The modified hinges are installed.  The bolts nearest the firewall are the original hinge points, and are now tightly bolted to hold the adapter.  The new hinge points are 2 inches toward the front of the truck. The board now opens much higher than before re-doing the hinges.  In addition, the limiting contact point is now the top corner of the controller hitting the rubber gasket at the top of the firewall.  This assures that no damage will be done if the board is carelessly opened too wide.

Completion of Wiring

Now that the board is mounted (hopefully) for the final time and I have good clearances, it is time to complete the wiring of the board.  The main circuits that need completion are the various signals into and out of the hairball.  These include things such as power and ground, ignition and start circuits, the throttle wiring, the speed control wiring, the control to activate one of the contactors and several connections to monitor existing signals.
 

I have completed the wiring except for one ground wire to the chassis.  There are additional features I hope to utilize in the future, but they can be added readily at any time..

Preparing for the First Drive

Now that the wiring is complete there are only a few items left before I can give the truck its inaugural test drive.  I need to program the controller, plumb the controller cooling system, fill it with antifreeze, and run some preliminary tests.

Programming the Controller

Before I can use the controller, I must program certain parameters into it.  This is one of the big advantages that convinced me to use this system.  I used my old laptop computer to do this.  Some of the parameters are the maximum current allowed to be taken from the batteries and to the motor, the minimum voltage allowed, the maximum RPM of the motor, etc.  There are also a number of functions which can be turned on or off.  In all there are about 27 programmable items.  In addition it is equipped to output streams of data while you drive which can provide many performance readings as well as diagnostics.  I have not yet really investigated all that can be done here, but it is extensive.
 

I have my laptop connected to the hairball to program many parameters into the controller system.  I am using a laptop computer here, but many use a Palm handheld PDA to do the same thing.  I plan to set up a Palm PDA to do this and carry it in the truck.

Controller Cooling System

The Zilla is a liquid cooled controller.  To this end I have installed a recirculating pump and a small radiator.  I needed to connect flexible vinyl tubing between all these parts.  In addition I included a squeeze bulb to use for priming the system.  After connecting the hoses, I gradually added an antifreeze and distilled water mix to the radiator.  I then pumped the bulb to force the solution all through the system, frequently adding coolant to keep the radiator full.  It took a while, but I finally got all the major air bubbles out, with only a fine foam at some of the high points.  I now started the pump which continued to circulate the fluid gradually letting the remaining air collect in the radiator and rise to the reservoir.

Pre-operation Test

Before applying full voltage and current to the system, I wanted to check that everything is functional while maintaining full safety.  I pulled one of the motor leads from the controller and connected a 60 watt light bulb between the controller and the motor. 

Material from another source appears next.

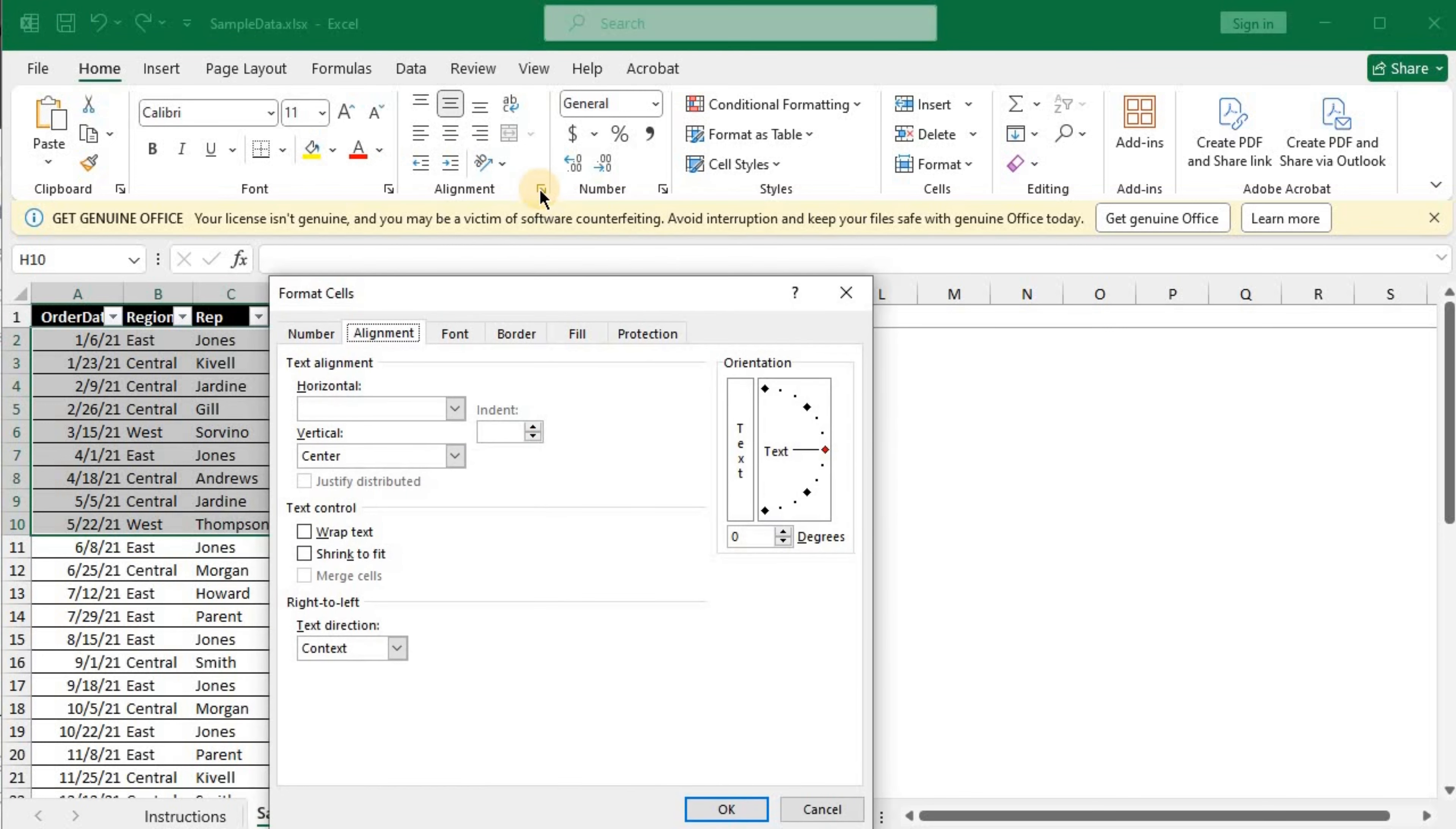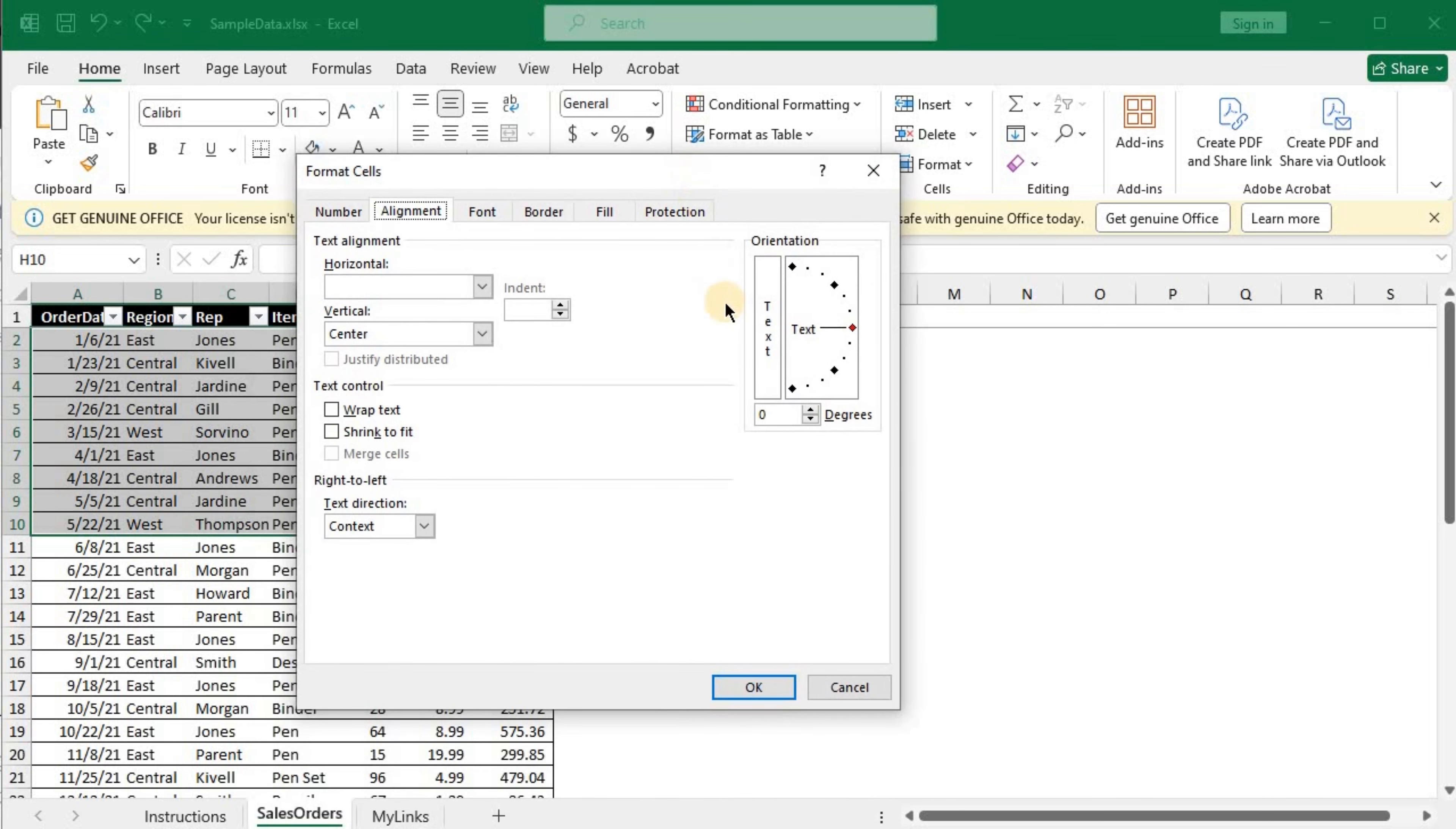This action will unveil the Format Cells pop-up window. Now that's cool! You've got to look for a tab labeled Protection.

For safety's sake, to turn on the controller, you must turn on the ignition, then activate the starter position for a couple seconds.  Once activated, the power is applied, the throttle is active, and you can then drive.

I tried to energize the system to verify that the bulb would light.  My first several tries failed.  I then remembered that to activate the starter, you must fully depress the clutch pedal.  Once I did that, there was a clunk of the second contactor and as I pressed the accelerator, the light bulb lit.  The harder I pressed, the brighter the bulb.  Test OK! 

FIRST TEST DRIVE !!!  (December 1, 2008 3:20PM)

I was now ready to try it out.

To memorialize this historic event, I set up my camcorder on a tripod in the garage and taped my first drive.

I got in the truck and remembered to press the clutch while going through the ignition on - start switch sequence.  Then I put it in reverse and slowly backed out of the garage.  I drove around the block and pulled back into my garage.  It was successful from the point that I made it out, around, and back safely.  The downside was that my performance was abysmal.  I was never able to draw more than about 100 amps, and had to shift down to first to make it up the hill on the block below mine and again up the driveway.

I then reviewed the settings I programmed into the controller against a sample in the manual and realized I had been far too conservative in a couple of my settings.  I changed these settings and the following morning I drove it again.  This time it was much more satisfying.  It is certainly no speed demon, but has almost reasonable performance.  I was now able to pull up to about 300 amps, with the corresponding improvement in performance.  I will continue to fine tune the parameters over time.

Note of December 3:
This morning I checked the batteries with a hydrometer to see if I truly had a full charge.  I did!  I then went through the controller settings and liberalized all of them, including ones that I don't think have any relevance to my setup.  I drove the truck and it almost snapped my neck!  The performance exceeded the  performance it had as an ICE (internal combustion engine) truck, although that was never very spectacular.  I drove the truck for about 5 to 6 miles, up some pretty steep hills, and it was still snappy as I pulled up my driveway.  I was able to pull over 500 amps at will, although I tried not to.  I have 3 expensive fuses in the circuit - all rated at 500 amps!  Resetting the controller parameters will give me the proper limits, as soon as I determine which ones were responsible for allowing this much more satisfying performance.
 

I shot a video of my first drive.  This is a frame from that video showing me driving my truck away from my house.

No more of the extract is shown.